▶ HOW TO COMPLETE THIS TASK
Go to the line with "Flaviker Four Seasons Bruin mat 26x200" in the records below, then output it and each following line exactly, up to and including the line with "BWKFORKPPMW Image Thumbnail 1". Skip pictures and add nothing.
*** THE DATA ***
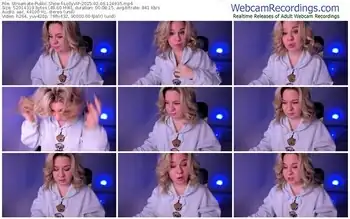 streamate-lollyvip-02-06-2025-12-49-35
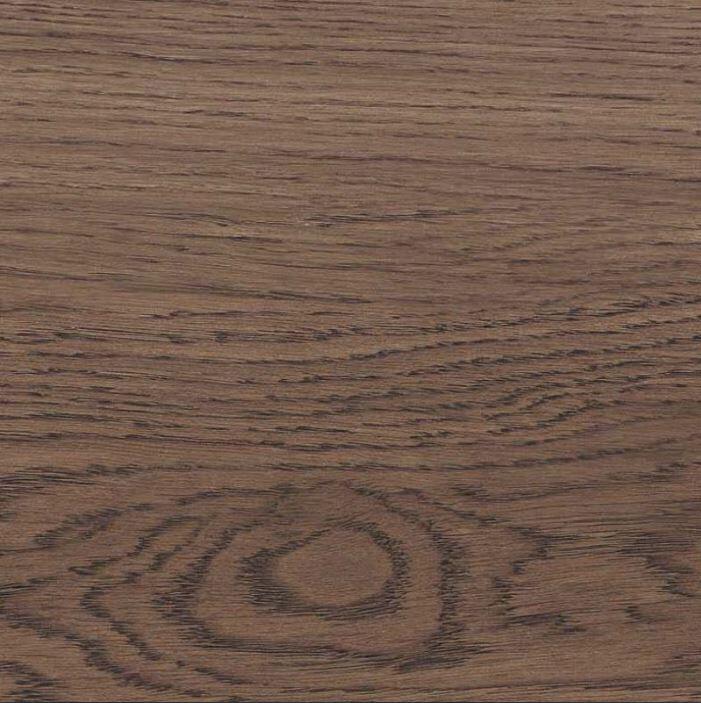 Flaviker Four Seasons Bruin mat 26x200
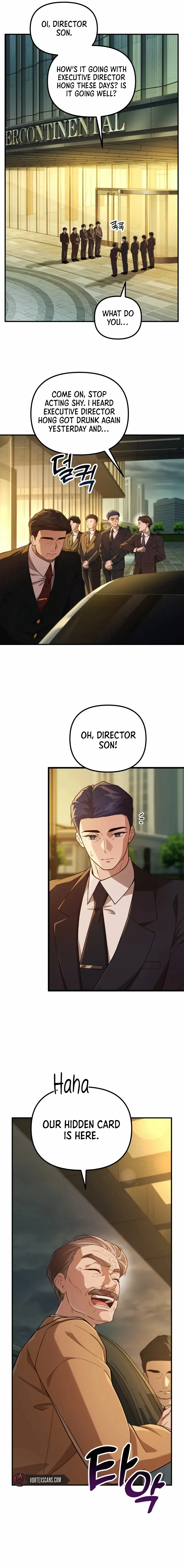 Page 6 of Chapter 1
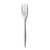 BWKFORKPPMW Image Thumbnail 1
*** End of THE DATA ***
*** THE DATA ***
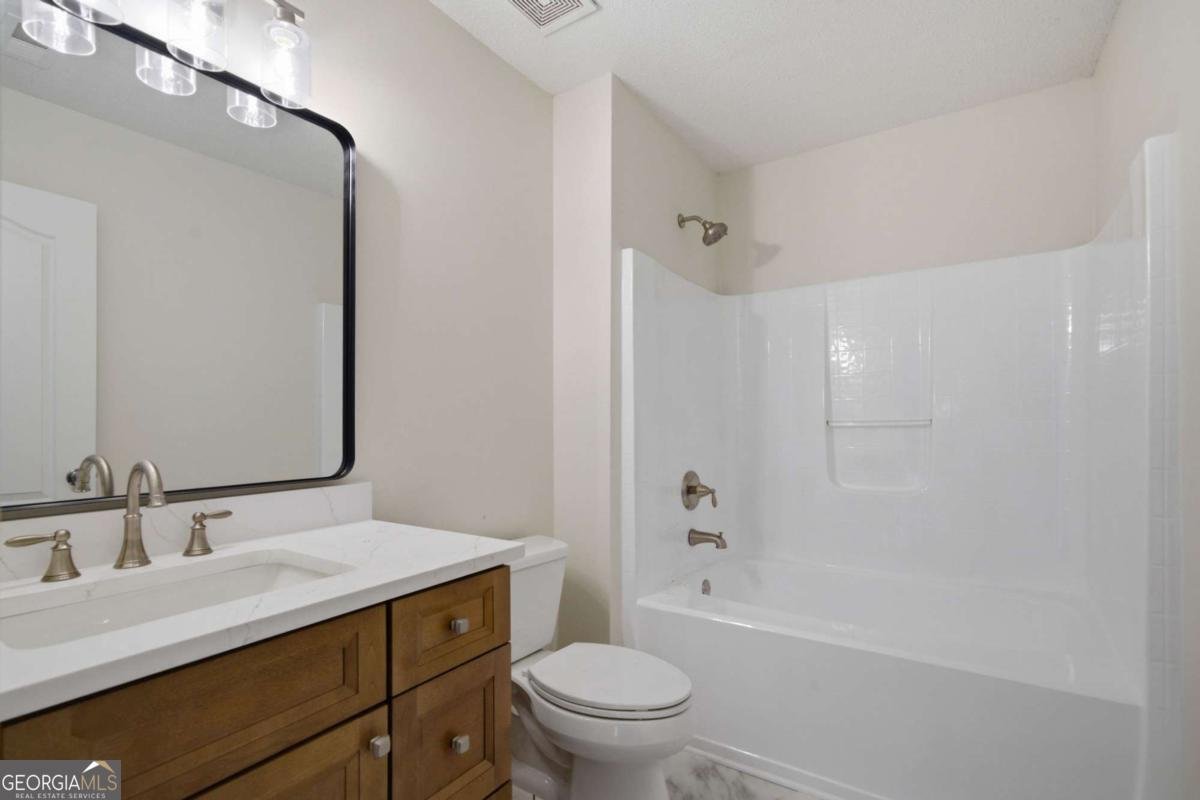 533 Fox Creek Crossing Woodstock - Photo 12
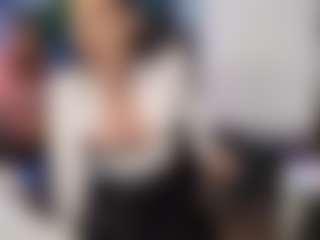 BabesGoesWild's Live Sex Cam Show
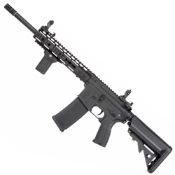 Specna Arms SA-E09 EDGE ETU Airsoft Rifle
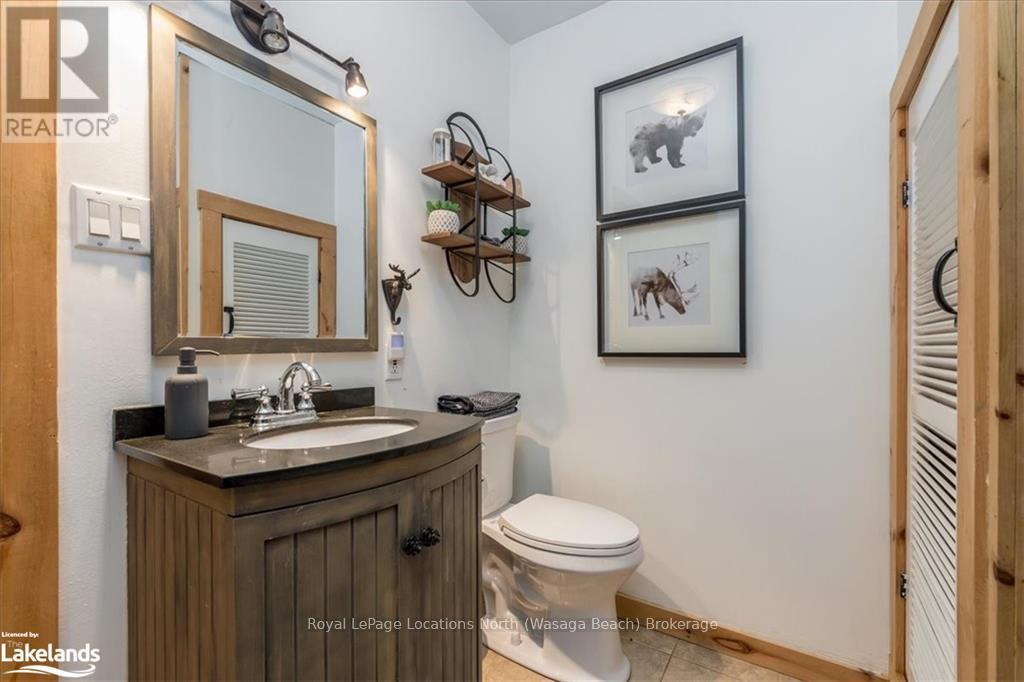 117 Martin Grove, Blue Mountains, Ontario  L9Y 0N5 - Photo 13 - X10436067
*** End of THE DATA ***
▶ TASK OUTPUT
 Flaviker Four Seasons Bruin mat 26x200
 Page 6 of Chapter 1
 BWKFORKPPMW Image Thumbnail 1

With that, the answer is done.